Ordered mine from Toronto Cycles.


----------



## broadwayline (Jan 19, 2008)

Aluminum / Ti are very similar in weight for rotor bolts.

Only savings is moving from a steel bolt to an Alu/Ti bolt.


----------



## McBain01 (Feb 17, 2012)

I bough these:

12 x Titanium Disc Brake Rotor Bolts M5 x 10mm (Low Profile, Head Diameter = 9mm, Head Height = 2.6mm, Thread Length = 10mm, TORX T25), Polished Gun Metal Finish. 

from this ebay seller/store: mtbsparesforrepair (MTB Spares For Repair) with no problems with the transaction.


----------



## kingkongsfinger (Dec 27, 2011)

Make sure you use copperslip or similar when fitting Ti bolts into aluminium hubs, they cause galvanic corrosion.

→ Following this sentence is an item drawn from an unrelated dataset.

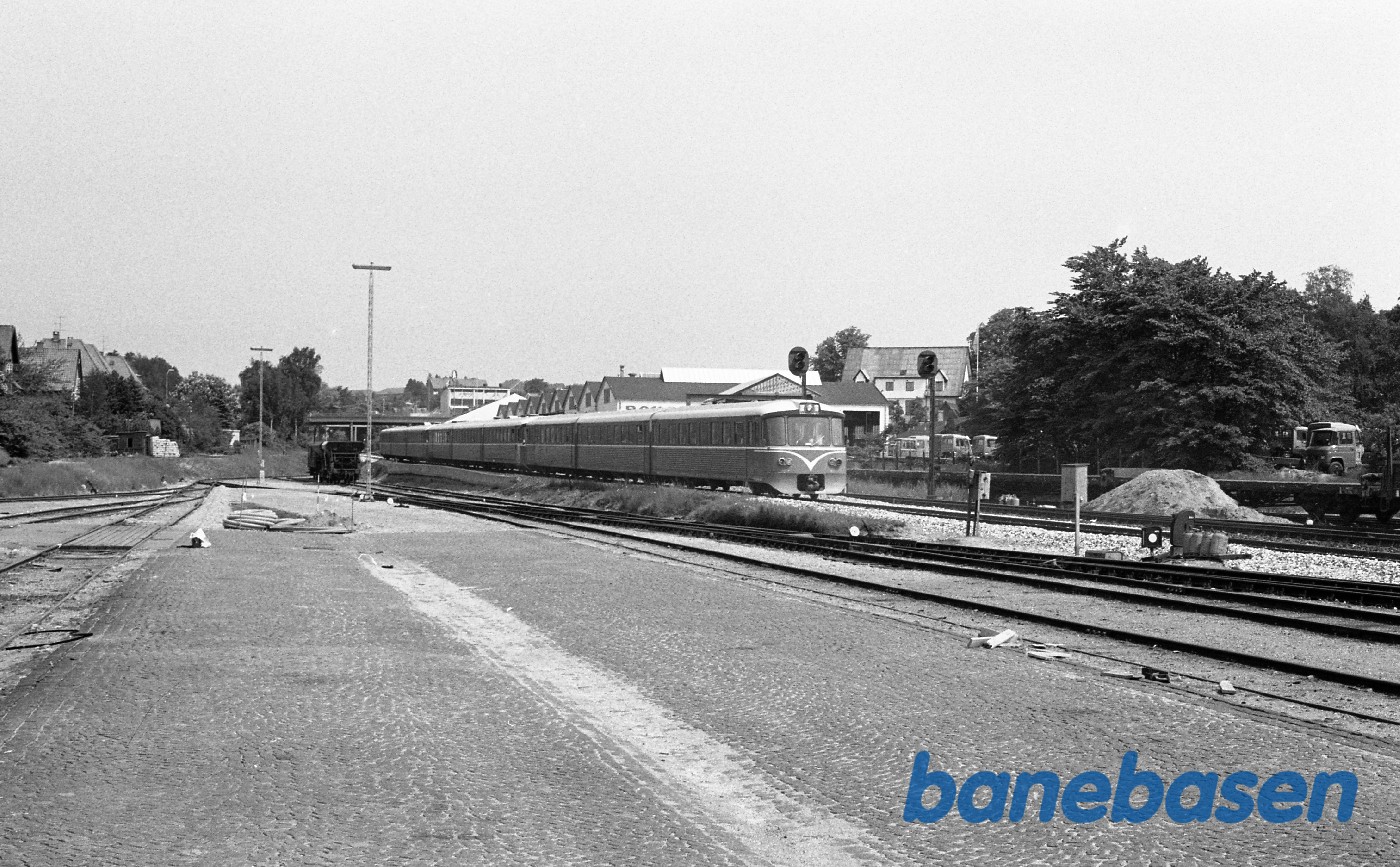 Y tog til Gribskovbanen afgår med 9 vogne Y tog til Gribskovbanen afgår med 9 vogne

I have some Ti rotor bolts that will never come out. Now learnt my lesson.


----------



## phlegm (Jul 13, 2006)

I'm assuming that the Loctite I'll apply for rotor use will mitigate the corrosion you mention. (?).


----------



## rockyuphill (Nov 28, 2004)

No, you need Ti anti-seize, the Loctite won't prevent galvanic corrosion


----------



## Gary1402 (Jul 17, 2012)

I completely change the steel bolts of mine complete bike like rotor bolt, brake calipers, brake caliper bracket, stem, seatpost, seatpost clamp. 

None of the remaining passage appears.